Sorri e gargalha entre as frases, deixando ver dentes brancos em perfeito alinhamento atrás de lábios cobertos de batom cor de sangue.
Thornton, alvo desta entrevista, está aqui descrita como faz com seus interlocutores no livro "Sete Dias no Mundo da Arte", que ganha agora tradução para o português, pela Agir. Antes de qualquer conteúdo, uma imagem -já anuncia o anel.
No livro que está em sua sétima edição nos Estados Unidos e passou meses em listas de mais vendidos pelo mundo, com versões até em chinês e japonês, Thornton destrincha em escala global o chamado mundo da arte.
Penetra nos lugares onde poucos conseguem entrar e conta tudo que viu e ouviu.
Põe em prática sua formação de antropóloga para enquadrar com ironia e acidez os ritos e cerimônias da tribo que veste Prada e devora arte.
"Não sou uma crítica, não escrevo resenhas", diz Thornton à Folha, no café de um hotel em São Paulo, onde veio pesquisar para seu próximo livro. "Se quer escrever sobre os bastidores da cena, não pode julgar o que vê."
Talvez não seja explícito seu julgamento, mas um tom de deboche sublinha as cenas mais absurdas do livro.
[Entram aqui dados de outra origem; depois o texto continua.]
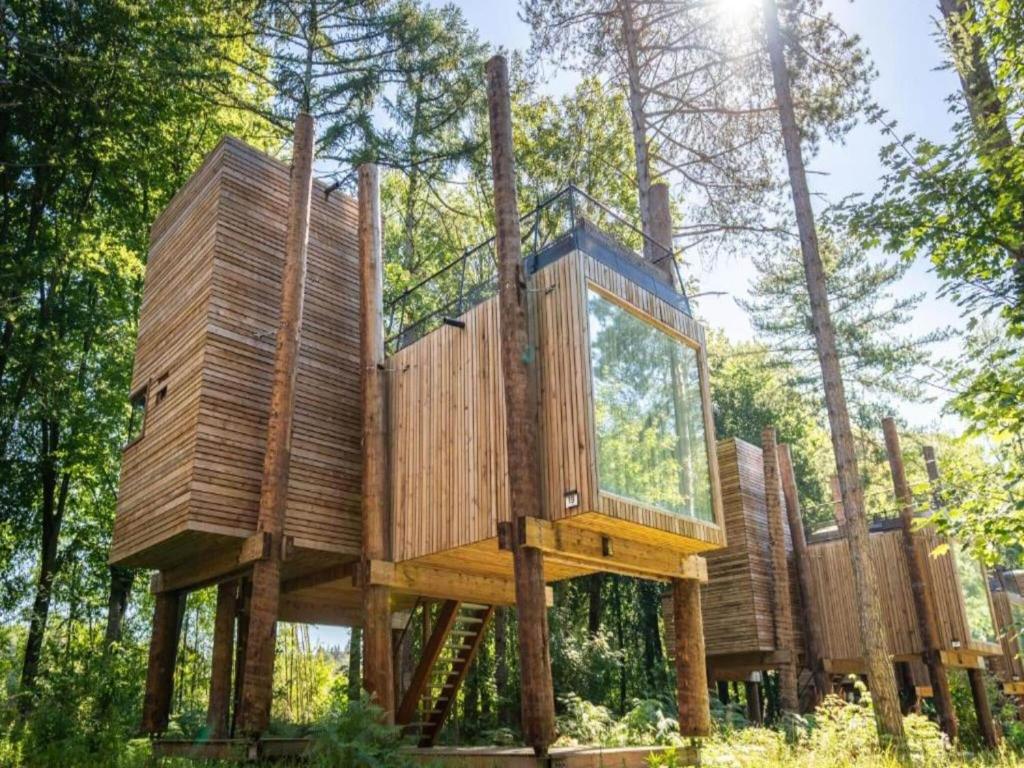 a tree house on wooden posts in the forest at Modern Antoing Home, Hainaut in Antoing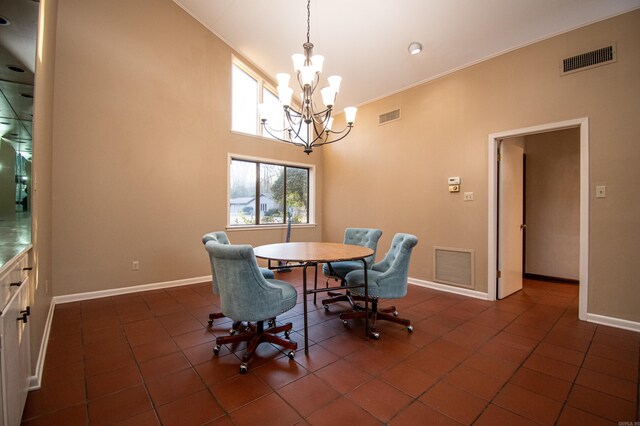 tiled dining room featuring a towering ceiling and an inviting chandelier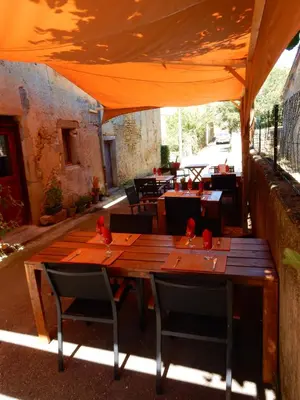 a wooden table and chairs under an orange tent at Cafe Vals in Vals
Num leilão da Christie's, descreve o teste dos microfones, para que o som das vendas saia cristalino. Gasta um par de linhas analisando a roupa de marchands e destaca a atitude arrogante da repórter do "New York Times" que cobre mercado de arte.
PUREZA E MERCADO
Em tudo, Thornton parece ver um embate entre uma suposta pureza da arte e suas dimensões como instrumento de mercado e objeto de fetiche. Vai a Tóquio ver de perto o ateliê de Takashi Murakami, que descreve como uma enorme fábrica branca.
Não faz rodeios para dizer que "Oval Buddha", a escultura que vê sendo feita, é a obra mais cara do artista "com orçamento de um pequeno filme de Hollywood".
Seu livro, escrito antes da recessão global que arruinou o mercado da arte, reflete um momento de bonança e recordes nas feiras e leilões.
No próximo título, que deve mostrar a emergência de novas capitais do circuito, como São Paulo, ela se volta mais para os artistas -entrevistou, por exemplo, Nuno Ramos e Marilá Dardot, que estão na Bienal, e Iran do Espírito Santo e Carmela Gross.
"Há um interesse maior em arte contemporânea, nossas culturas estão mais orientadas por aspectos visuais", diz Thornton. "Para aqueles que não têm religião, existe um fascínio pela criação de significados, e a arte toma as dimensões de um deus."